Пьесы доставались ему дешевле, чем бывшему хозяину магазинов в Столешниковом переулке, торговавшему у меня «Жену» в ресторане «Националь». К 1949 году он числился автором трех пьес; одна из них как будто снискала одобрение Сталина. Первый же свой шаг на сцену, задолго до января 1949 года, он сделал бесчестно.
Он был комсомольским работником из глубинки, журналистом-организатором, грубоватым и прямым, не без выдумки, с превосходным знанием повадок и слабостей партийной и комсомольской бюрократии, функционером, отлично вписавшимся в мир полуправды, иерархически регламентированных ценностей. Плотная, крепкая, плечистая фигура; массивная, совсем не щегольская палка, на которую он опирался при нездоровых ногах; широкая физиономия под русой, небрежной шапкой волос — все это по первому впечатлению располагало к нему. Вот уж кто человек из народа, воистину свой парень…
Я могу ошибиться в подробностях портрета — он слишком быстро разрушался, не за всем можно было уследить.
Речь идет об Анатолии Сурове, лауреате Сталинских премий. «Далеко от Сталинграда», «Обида», «Бесноватый галантерейщик», «Зеленая улица», «Рассвет над Москвой» — кто помнит эти пьесы? Стоит ли возвращаться к ним, занимать ими читателя?
Эти пьесы, некогда захватившие авансцену советского театра, — сами действующие лица социальной драмы. Ничто так не откроет времени умерщвленной нравственности, как авантюрная одиссея знаменитости, лауреата, репертуарного драматурга, не бывшего… драматургом.
Барин из подмосковной Валентиновки Краснощеков, по своему разумению, «честно» покупал пьесу, соблазняя большой денежной суммой. Суров же год за годом использовал чужой труд, умело играя на беде одних, нечистоте других, на «приятельстве». Но главную ставку от делал на безоговорочную поддержку аппарата, начальствующих лиц, системы. А истории устранения соавторов, их дискредитации, морального уничтожения за непокорство создают сюжеты почти детективные.

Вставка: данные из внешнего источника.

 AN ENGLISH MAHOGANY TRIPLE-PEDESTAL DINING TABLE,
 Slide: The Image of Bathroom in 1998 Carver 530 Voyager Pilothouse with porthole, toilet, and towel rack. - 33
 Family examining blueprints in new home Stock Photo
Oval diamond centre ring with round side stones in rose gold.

Первая пьеса — «Далеко от Сталинграда» — пришла к Сурову, тогда ответственному секретарю «Комсомольской правды», нечаянной радостью. Замысел ее, план и черновой набросок привез в 1945 году с Волги журналист, корреспондент «Комсомолки» по Сталинградской области Александр Михайлович Шейнин. Впоследствии, вводя в заблуждение комиссию ЦК ВЛКСМ (1945), а затем и комиссию Союза писателей (1954), Суров скажет, что он «задумал данную пьесу еще в 1938 году, когда работал в Ярославле». Но люди здравые не могли принять подобного «озарения»: ведь в пьесе речь идет о героической работе одного из заводов, эвакуированных в глубокий тыл во время Великой Отечественной войны, и, как справедливо указала комиссия Союза писателей, «идейный пафос и сюжет пьесы „Далеко от Сталинграда“ неотделимы от Великой Отечественной войны».

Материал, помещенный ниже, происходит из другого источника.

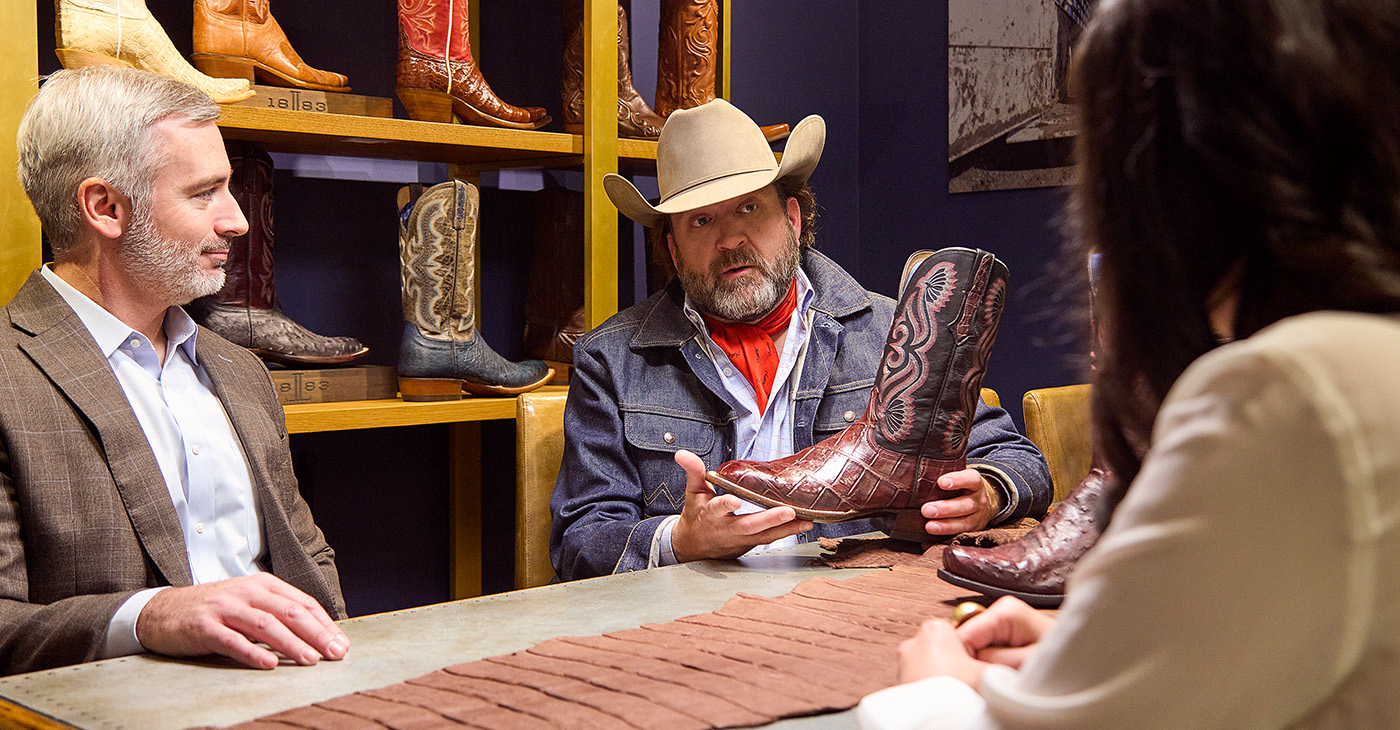 Lucchese members discussing boots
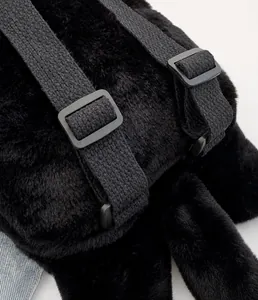 Détail de la boucle réglable en plastique et de la sangle noire du sac à dos en peluche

Поначалу все складывалось разумно и просто. Суров был товарищем Шейнина и его редакционным начальством. А кто в молодости, начиная литературную работу, в восторге и одновременно в неуверенности перед будущим не испытывал искушения разделить с кем-то творческий труд и заботы по устройству своего детища. Тем более пьесы, ей всегда так сиротливо у театрального порога!
Возникло соавторство. Характеризуя летом 1954 года своих соавторов, называя их скромно советчиками, редакторами, наставниками и даже «крестными отцами», Суров так отозвался о Шейнине: «Хороший парень, но люди мы разные по творческому почерку. Он мне нравился юмором, жизнерадостностью. Но лентяй, нетрудоспособен. И в творческом отношении — человек неинтересный, неглубокий». Поразительно: чем усерднее трудился на Сурова иной литератор, особенно из тех, кто пытался оборонить свое законное соавторство, тем настойчивее звучали потом суровские обвинения литературного «негра» в… нетрудоспособности. Так уж не везло Анатолию Сурову, что под руку ему все время шли лодыри.
Итак, соавторство Шейнина и Сурова возникло по обоюдному согласию. Суров — москвич, и не рядовой. Журналист из Сталинграда отбыл на Волгу, радуясь обретенному единомышленнику, человеку практической складки, знающему современное просторечье, язык работяг и жаргон новых чиновников.
Все этапы этого соавторства: многократные вызовы Шейнина в Москву, гостиничные бдения, долгая работа в Переделкине и многое другое — зафиксированы в письмах и устных показаниях двум комиссиям и самих соавторов, и многих других причастных лиц — сотрудников «Комсомолки» и «Сталинградской правды», Сталинградского драматического театра.